╭──
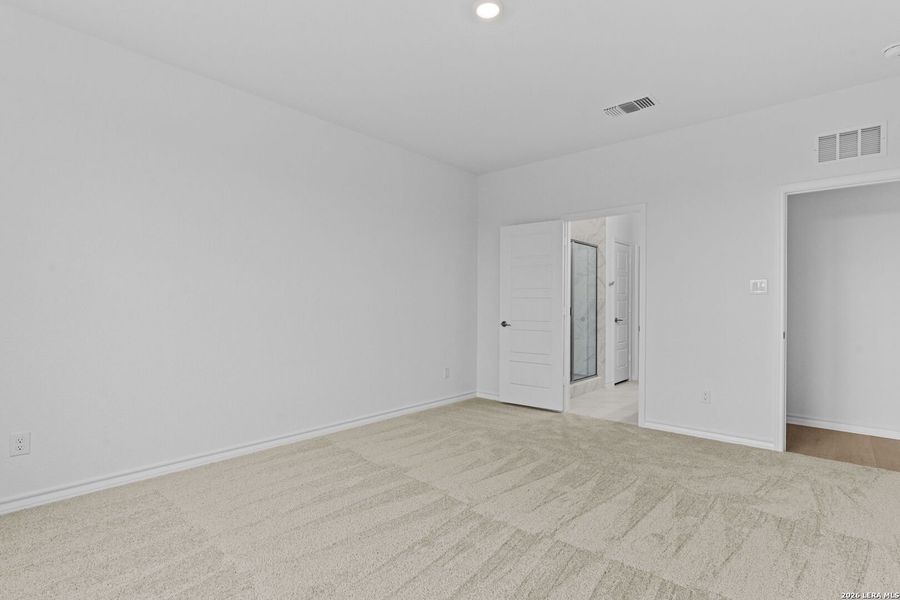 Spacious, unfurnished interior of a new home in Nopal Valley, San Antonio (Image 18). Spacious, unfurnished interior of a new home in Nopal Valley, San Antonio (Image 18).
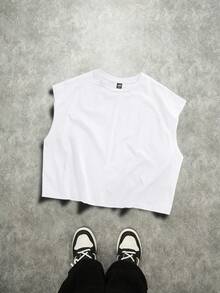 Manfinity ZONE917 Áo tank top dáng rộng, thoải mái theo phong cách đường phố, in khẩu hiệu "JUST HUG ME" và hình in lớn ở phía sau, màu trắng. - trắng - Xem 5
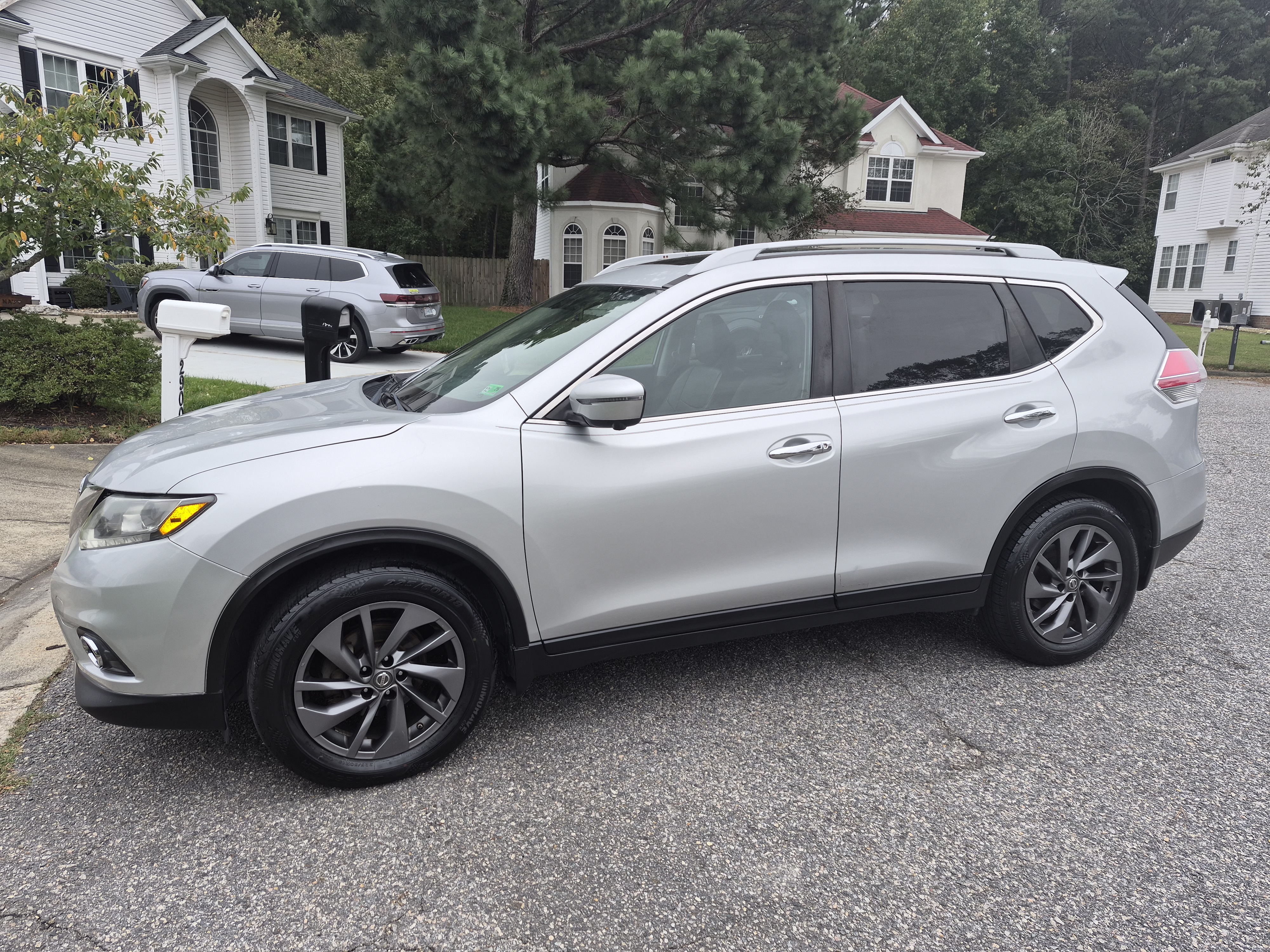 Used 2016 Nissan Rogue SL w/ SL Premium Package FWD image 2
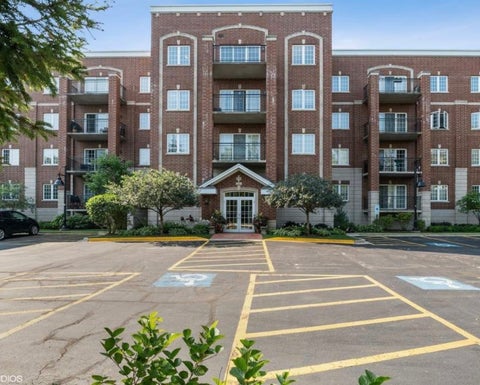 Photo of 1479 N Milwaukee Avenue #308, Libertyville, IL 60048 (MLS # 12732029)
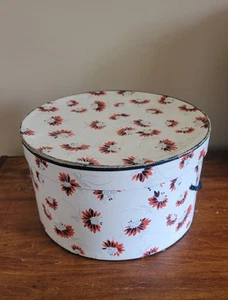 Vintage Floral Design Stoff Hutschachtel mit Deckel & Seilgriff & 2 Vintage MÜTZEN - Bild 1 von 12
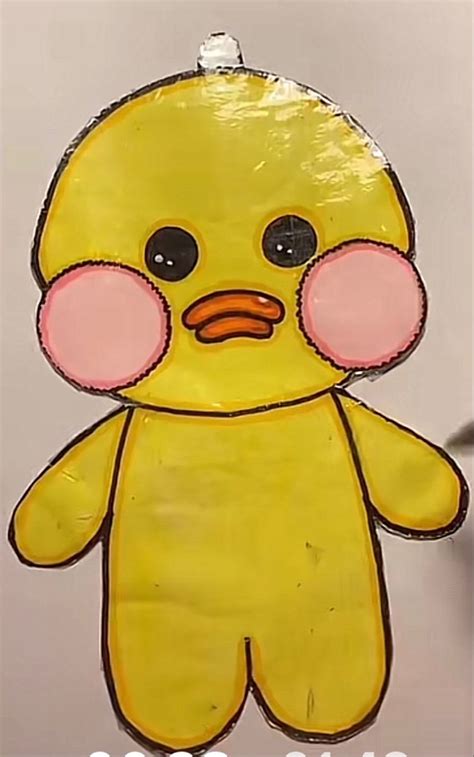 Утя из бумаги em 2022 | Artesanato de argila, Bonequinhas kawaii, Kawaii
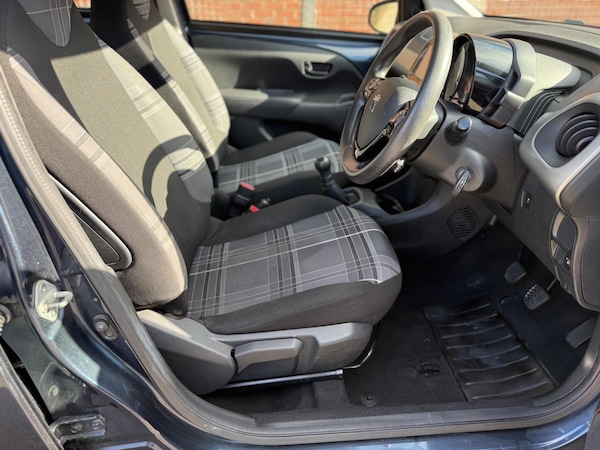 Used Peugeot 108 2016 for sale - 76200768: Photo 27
╰──
PROMPT -
All of the lines above should be printed exactly, minus the pictures.

ANSWER TO THIS EXERCISE -
 Spacious, unfurnished interior of a new home in Nopal Valley, San Antonio (Image 18). Spacious, unfurnished interior of a new home in Nopal Valley, San Antonio (Image 18).
 Manfinity ZONE917 Áo tank top dáng rộng, thoải mái theo phong cách đường phố, in khẩu hiệu "JUST HUG ME" và hình in lớn ở phía sau, màu trắng. - trắng - Xem 5
 Used 2016 Nissan Rogue SL w/ SL Premium Package FWD image 2
 Photo of 1479 N Milwaukee Avenue #308, Libertyville, IL 60048 (MLS # 12732029)
 Vintage Floral Design Stoff Hutschachtel mit Deckel & Seilgriff & 2 Vintage MÜTZEN - Bild 1 von 12
 Утя из бумаги em 2022 | Artesanato de argila, Bonequinhas kawaii, Kawaii
 Used Peugeot 108 2016 for sale - 76200768: Photo 27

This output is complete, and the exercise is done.